Any line of the commit message cannot be longer 100 characters! This allows the message to be easier
to read on GitHub as well as in various git tools.
#### Revert
If the commit reverts a previous commit, it should begin with `revert:`, followed by the header of the reverted commit. In the body it should say: `This reverts commit <hash>.`, where the hash is the SHA of the commit being reverted.
#### Type
Must be one of the following:
- **feat**: A new feature
- **fix**: A bug fix
- **docs**: Documentation only changes
- **style**: Changes that do not affect the meaning of the code (white-space, formatting, missing
semi-colons, etc)
- **refactor**: A code change that neither fixes a bug nor adds a feature
- **perf**: A code change that improves performance
- **test**: Adding missing tests
- **chore**: Changes to the build process or auxiliary tools and libraries such as documentation
generation
#### Scope
The scope could be anything specifying place of the commit change.
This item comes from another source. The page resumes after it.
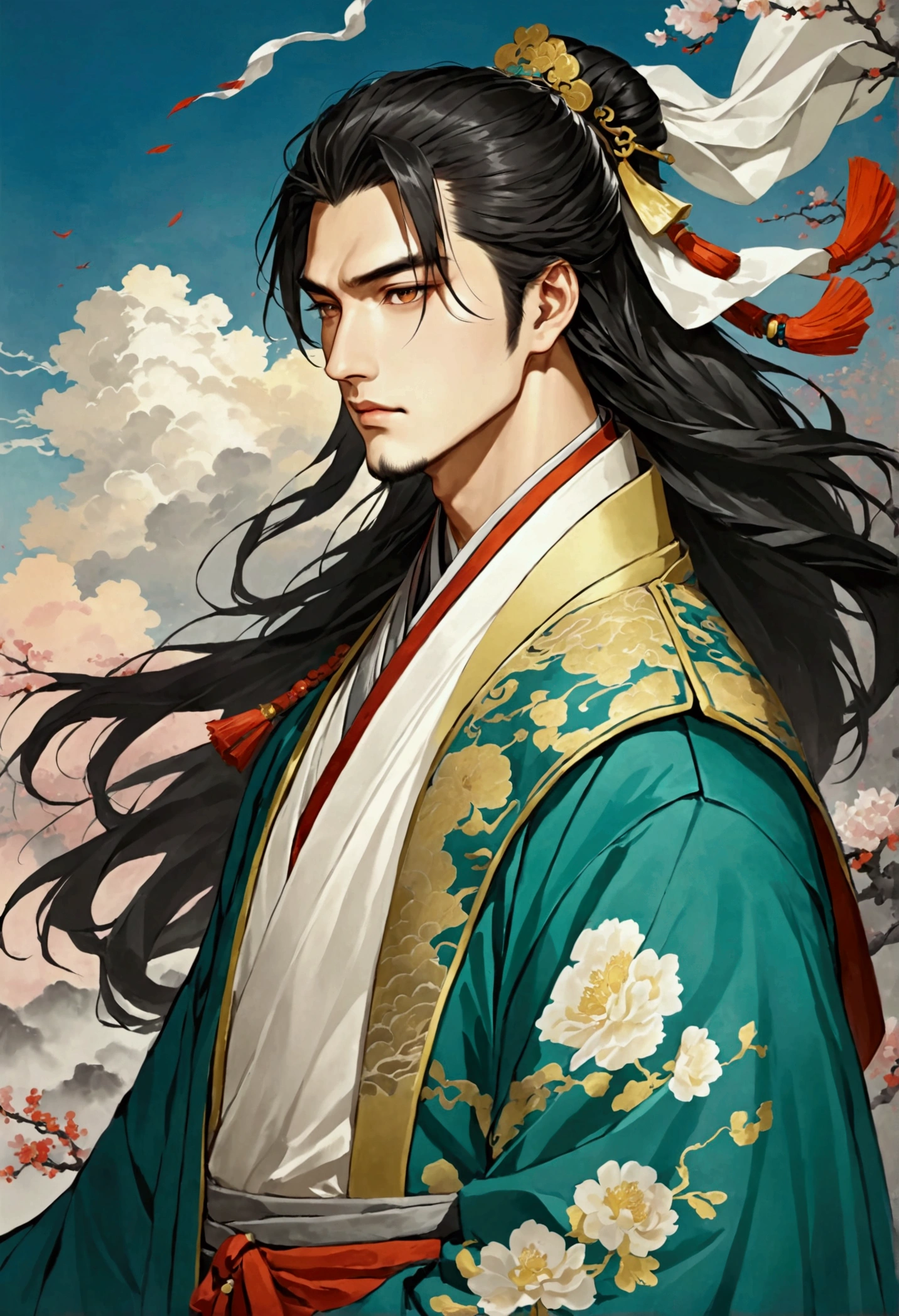 Three Kingdoms Zhuge Liang,  Clothes made of a coat, wind, youth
For example
`plugin-example`, `render-md`, etc.
#### Subject
The subject contains succinct description of the change:
- use the imperative, present tense: "change" not "changed" nor "changes"
- don't capitalize first letter
- no dot (.) at the end
#### Body
Just as in the **subject**, use the imperative, present tense: "change" not "changed" nor "changes".
The body should include the motivation for the change and contrast this with previous behavior.
#### Footer
The footer should contain any information about **Breaking Changes** and is also the place to
reference GitHub issues that this commit **Closes**.
**Breaking Changes** should start with the word `BREAKING CHANGE:` with a space or two newlines. The rest of the commit message is then used for this.